Ein paar Erwägungen zur „Schande von Dortmund“ (Randale beim Spiel BVB gegen RB Leipzig)

Eigentlich wollte ich keine Zeile darüber schreiben, weil es sozusagen ums Gegenteil von Kultur geht. Aber: Man kann von den Dortmunder Fußball-Krawallen gar nicht absehen, wenn man hier lebt.

Also, ganz klar: Dass so genannte BVB-„Fans“ am letzten Samstag die Gäste aus Leipzig, darunter auch Frauen und Kinder, mit Steinen, Flaschen, Dosen, Feuerwerkskörpern und anderen Gegenständen beworfen haben, ist kriminell.

Transparent beim Pokalspiel gegen Hertha BSC Berlin am 8. Februar. (Screenshot / ARD)

Nachträgliches Statement: Transparent beim BVB-Pokalspiel gegen Hertha BSC Berlin am 8. Februar. (Screenshot / ARD)

Auch die teilweise extrem menschenverachtenden Hetz- und Hass-Transparente (Heda, BVB-Ordnungsdienst, wie konnten die in so großer Zahl ins Stadion gelangen?) und der versuchte Angriff auf den Mannschaftsbus der Leipziger sind schändlich und unverzeihlich.

Jeder feststellbare Einzelfall wird jetzt und in den nächsten Wochen zu untersuchen sein. Hoffentlich findet die Polizei die Schuldigen, hoffentlich werden sie von der Justiz angemessen zur Rechenschaft gezogen. Bundesweites Stadionverbot ist das Mindeste, im Falle entsprechender Taten sollten auch Paragraphen des Strafgesetzbuches greifen.

Es ist beschämend, dass das alles in Dortmund passiert ist, wo man sich rühmt, auf der Südtribüne die besten Fans Deutschlands, wenn nicht Europas oder gar der Welt zu haben. Leider können einige Dutzend oder hundert Vollidioten das alles an einem einzigen Tag zunichte machen – wenn man sie nicht hindert. Vielleicht lässt sich ja auch aufklären, aus welchem Umfeld diese Typen kommen?

Dortmunds Stadtobere und ihre Imagewächter sind bestimmt ebenfalls entsetzt.

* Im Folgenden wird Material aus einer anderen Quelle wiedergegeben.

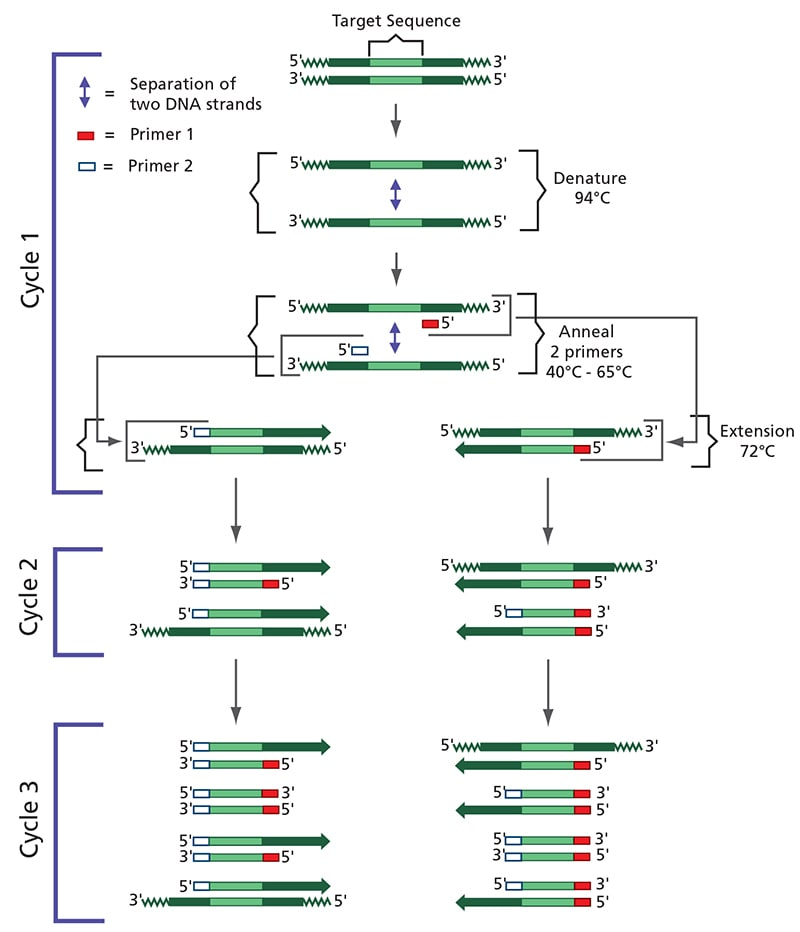 Pcr Flow Chart My XXX Hot Girl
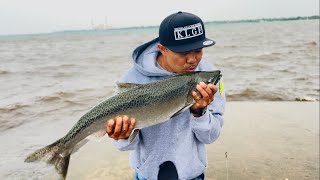 KING SALMON  Sheboygan Wi  Lake Michigan [upl. by Hibbitts138]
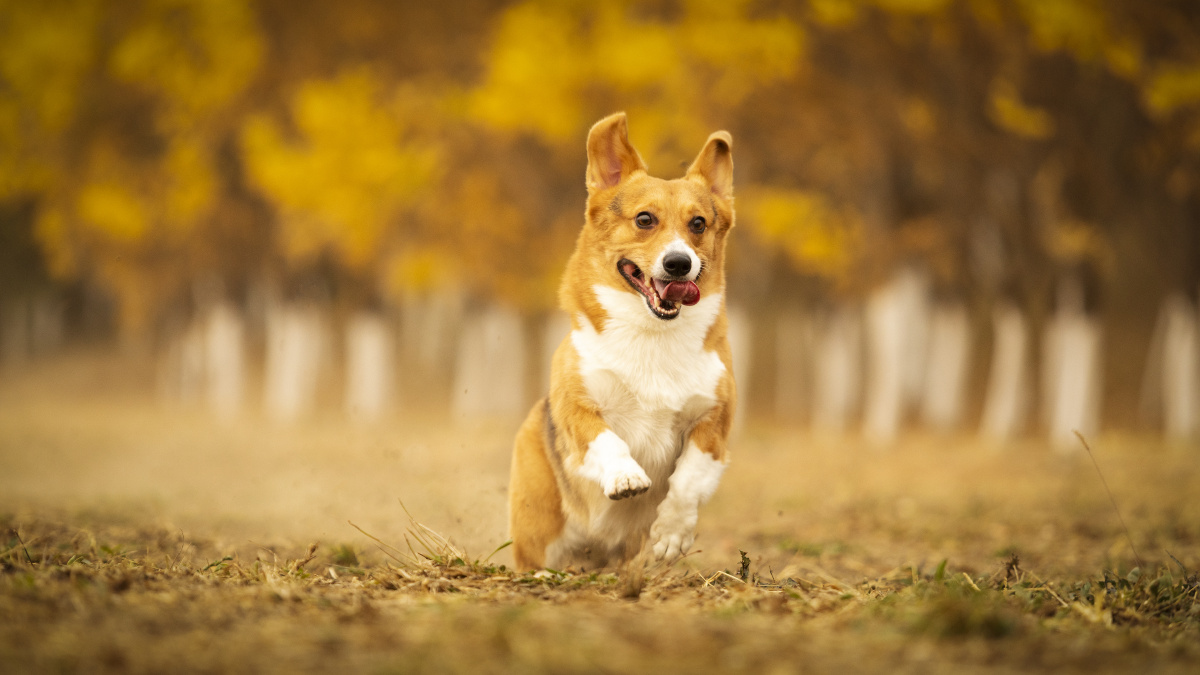 柯基户外秋景写真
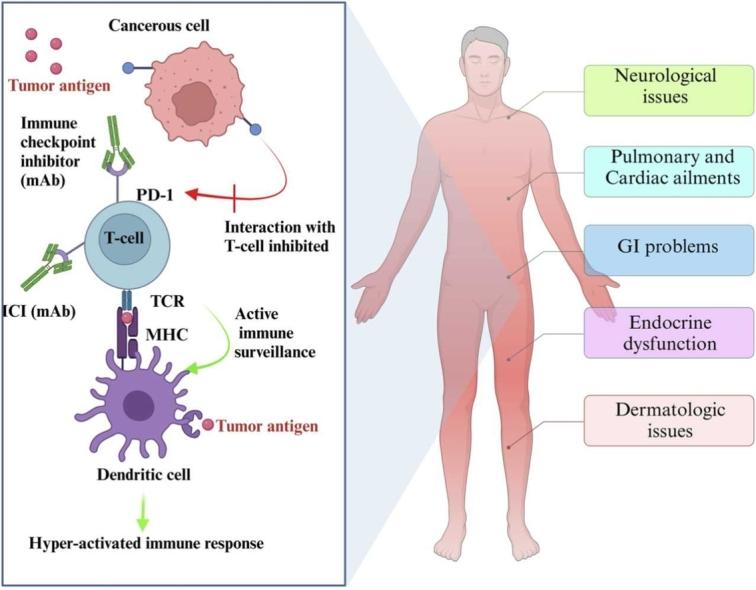 https://cdn.ncbi.nlm.nih.gov/pmc/blobs/ef81/12063143/67a2bce08585/ga1.jpg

Die enthemmte Randale vom Samstag wird der Stadt und dem Verein noch lange als „Schande von Dortmund“ (andere Formel: „Schande für den Fußball“) nachhängen, die Boulevardpresse tut das Ihre, um es kräftig zuzuspitzen. Auch sind spürbare Strafen vom DFB zu erwarten, so etwa Heimspiele ganz ohne Zuschauer…

In den sozialen Netzwerken sind es keineswegs nur Leipziger und Schalker, die heftig (und zum Teil beklagenswert pauschal) über den BVB herziehen. Mag es auch ungerecht sein: Wenn man nicht aufpasst und entschieden gegensteuert, gelten hiesige Fans bald als Abschaum der Liga – auch die anständigen unter ihnen, die sicherlich bei weitem in der Mehrheit sind. Doch sobald sie die schwarzgelben Farben tragen, macht man vielleicht auswärts keine Unterschiede mehr. Da herrscht womöglich mal wieder ein „Generalverdacht“. Und es melden sich bereits BVB-Anhänger zu Wort, die künftig ganz auf Stadionbesuche verzichten wollen. Nicht, dass da etwas „kippt“…

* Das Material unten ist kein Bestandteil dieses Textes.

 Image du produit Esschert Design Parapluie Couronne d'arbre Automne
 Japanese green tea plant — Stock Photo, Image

Inzwischen weiß man bei Spiegel online, bekanntlich immer gaaaanz nah dran am BVB, schon genauestens Bescheid: Auch viele ganz normale Spießer, die anderntags mit ihrem Hund Gassi gehen, seien in Dortmund an den Ausschreitungen beteiligt gewesen. Beim Spiegel kennen sich offenbar besser aus als die zuständigen Ermittler. Oder etwa doch nicht?

Unterdessen wird BVB-Geschäftsführer Hans-Joachim Watzke – mittlerweile auch von der Gewerkschaft der Polizei (GdP) – mitverantwortlich gemacht, weil er gegen RB Leipzig aufgewiegelt habe. Die paar Andeutungen über einen Verein, der ausschließlich zur Promotion eines Getränks („Red Bull“) gegründet worden sei, sollen also ein Aufruf zur Gewalt gewesen sein? Ach, nö. Soll jetzt jede Kritik am Geschäftsmodell der Leipziger verboten sein? Übrigens: Auch der börsennotierte BVB ist vielfach als durchkommerzialisiert verschrien. Dann wird man eben auch daran Kritik üben dürfen. Tradition hin oder her.

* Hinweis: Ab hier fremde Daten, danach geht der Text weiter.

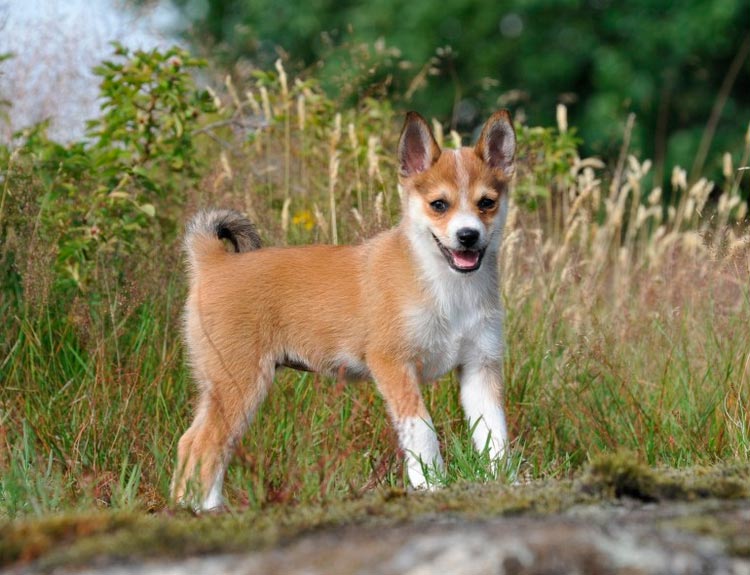 cachorro de Lundehund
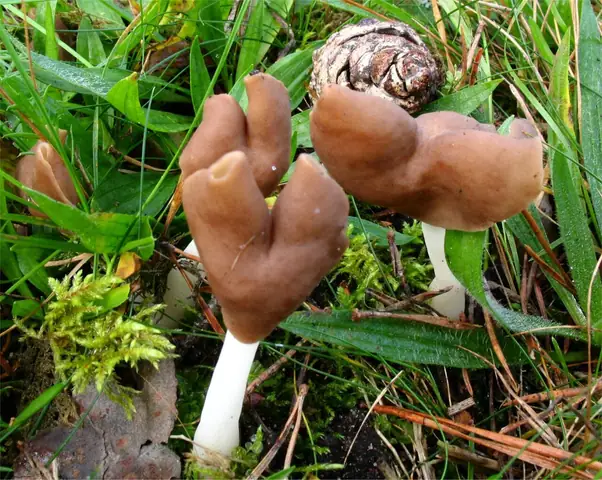 Piestrzyca brązowo-biała (Helvella albella)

Wie aber müsste man (im Vergleich zu Watzkes Äußerungen) den Ausspruch eines gewissen Uli Hoeneß bewerten, der – seinerzeit kaum wieder auf freiem Fuß – im November ganz unverblümt von den „Feinden“ aus Leipzig und Dortmund gesprochen hat? Nun gut, er hat die saublöde Formulierung hernach zurückgenommen, und die Bayern-Anhänger haben sich gottlob bislang nichts zuschulden kommen lassen. Aber dennoch.

Eine Aktion zum Spiel gegen Hertha deutet sich schon an (Screenshot der Facebook-Seite von schwatzgelb.de)

Eine Aktion zum Heimspiel gegen die Hertha (8. Februar, 20:45 Uhr) deutete sich schon vorher an. (Screenshot der Facebook-Seite von schwatzgelb.de)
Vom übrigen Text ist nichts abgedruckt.